Aim of the exercise:
Give all of the data again exactly as written, omitting every image.

Input records:
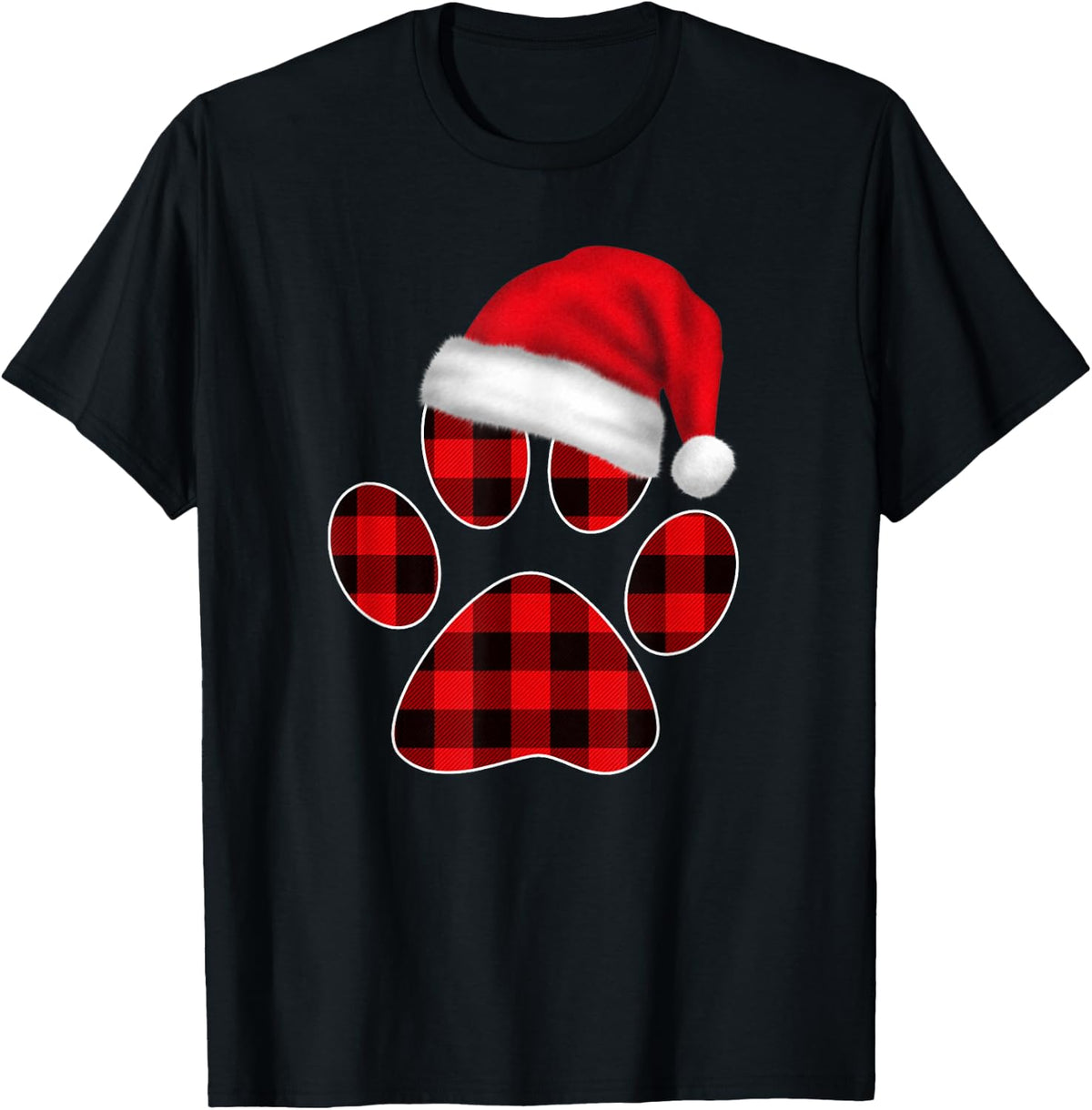 Cute Christmas Pajama Shirt Women Girls Plaid Paw Santa Hat Tee T-Shirt - Black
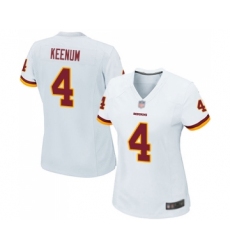 Women's Washington Redskins #4 Case Keenum Game White Football Jerseys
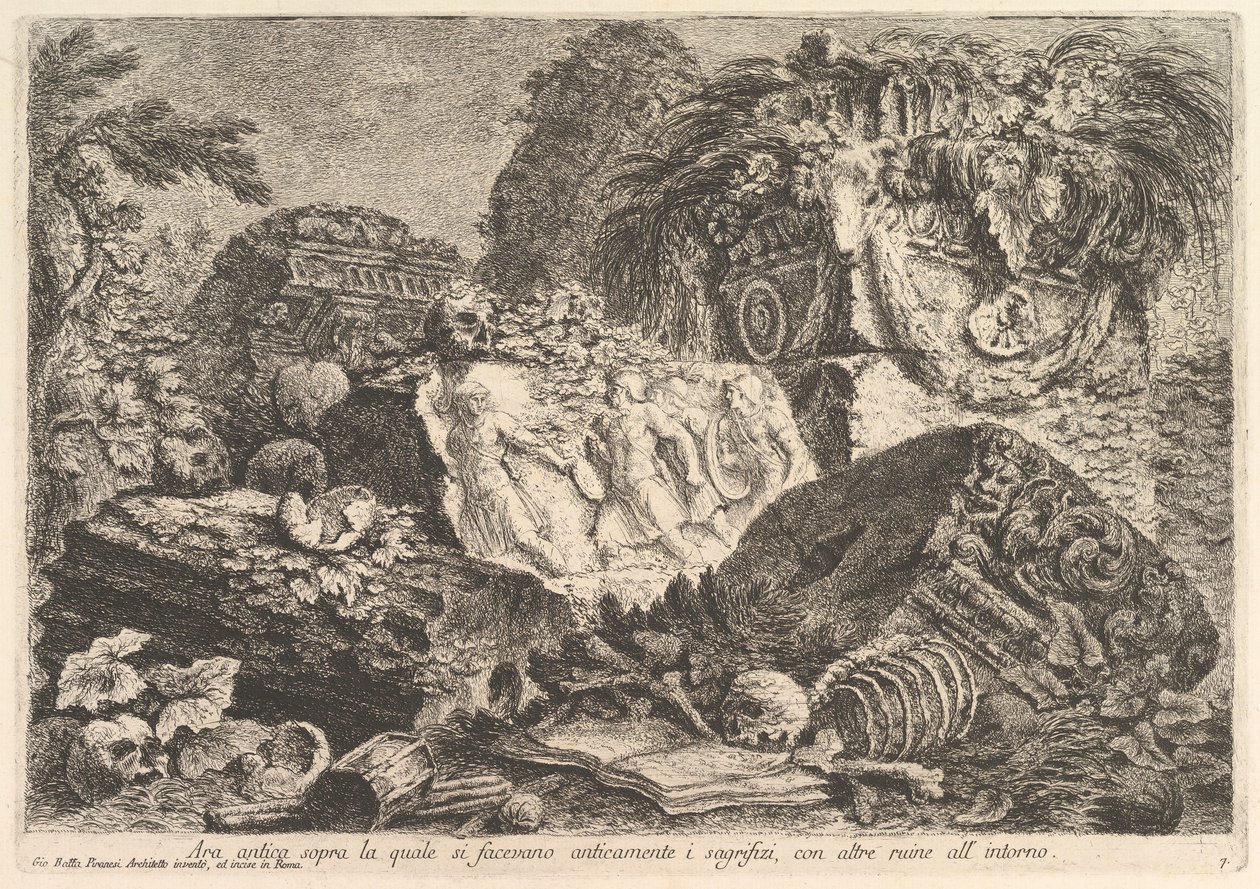 Starověký oltář, na kterém se ve starověku prováděly oběti, obklopený dalšími rui..., ca. 1750. od Giovanni Battista Piranesi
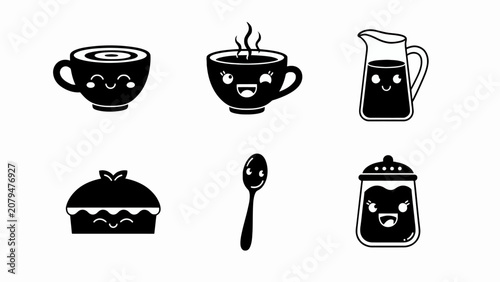 Cute Kawaii Coffee Break Icons: Cup, Pie, Spoon, Creamer, Sugar Pot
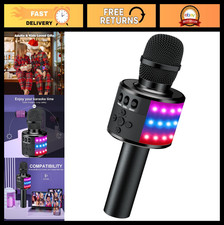 Wireless Karaoke Microphone for Kids  Adults - Bluetooth Singing Mic with Disco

Exercise answer:
 Cute Christmas Pajama Shirt Women Girls Plaid Paw Santa Hat Tee T-Shirt - Black
 Women's Washington Redskins #4 Case Keenum Game White Football Jerseys
 Starověký oltář, na kterém se ve starověku prováděly oběti, obklopený dalšími rui..., ca. 1750. od Giovanni Battista Piranesi
 Cute Kawaii Coffee Break Icons: Cup, Pie, Spoon, Creamer, Sugar Pot
 Wireless Karaoke Microphone for Kids  Adults - Bluetooth Singing Mic with Disco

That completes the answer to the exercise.